The drum may be disposed on a service vehicle or a stationary
platform. The service vehicle or stationary platform may further
contain the surface equipment 290.
[0031] The tool string 204 comprises one or more elongated housings
encasing or otherwise carrying various electronic components and
modules schematically represented in FIG. 2. For example, the
illustrated tool string 204 includes several modules 212, at least
one of which may be or comprise at least a portion of a packer tool
as described below. Other implementations of the downhole tool
string 204 within the scope of the present disclosure may include
additional or fewer components or modules relative to the example
implementation depicted in FIG. 2.
[0032] The wellsite system 200 also includes a data processing
system that can include one or more, or portions thereof, of the
following: the surface equipment 290, control devices and
electronics in one or more modules of the tool string 204 (such as
a downhole controller 216), a remote computer system (not shown),
communication equipment, and other equipment. The data processing
system may include one or more computer systems or devices and/or
may be a distributed computer system. For example, collected data
or information may be stored, distributed, communicated to a human
wellsite operator, and/or processed locally or remotely.

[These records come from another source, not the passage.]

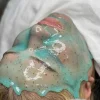 ماسک پودری هیدروژلی کیوی دکتر اسکین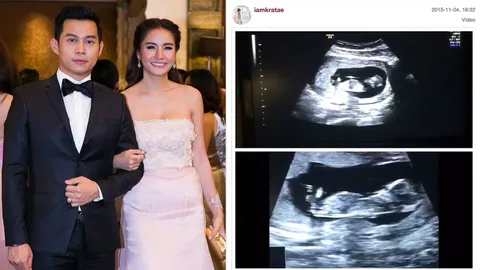 วันนี้ที่รอคอย!! หลุยส์ เฮ กระแต ท้อง 3 เดือน 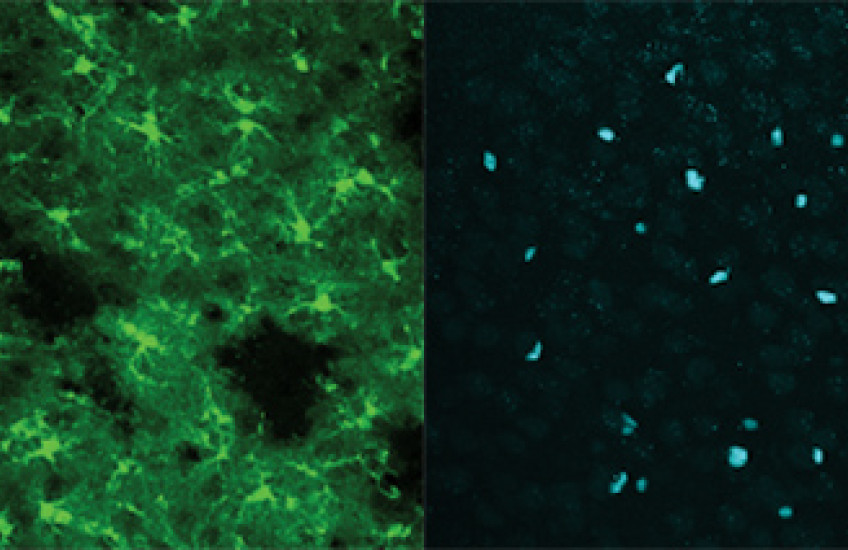 four microscopy images in green, purple and blue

[0033] The data processing system may, whether individually or in
combination with other system components, perform the methods
and/or processes described below, or portions thereof. Methods
and/or processes within the scope of the present disclosure may be
implemented by one or more computer programs that run in a
processor located, for example, in one or more modules 212 of the
tool string 204 and/or the surface equipment 290. Such programs may
utilize data received from the downhole controller 216 and/or other
modules 212 via the conveyance means 208, and may transmit control
signals to operative elements of the tool string 204. The programs
may be stored on a tangible, non-transitory, computer-usable
storage medium associated with the one or more processors of the
downhole controller 216, other modules 212 of the tool string 204,
and/or the surface equipment 290, or may be stored on an external,
tangible, non-transitory, computer-usable storage medium that is
electronically coupled to such processor(s). The storage medium may
be one or more known or future-developed storage media, such as a
magnetic disk, an optically readable disk, flash memory, or a
readable device of another kind, including a remote storage device
coupled over a communication link, among other examples.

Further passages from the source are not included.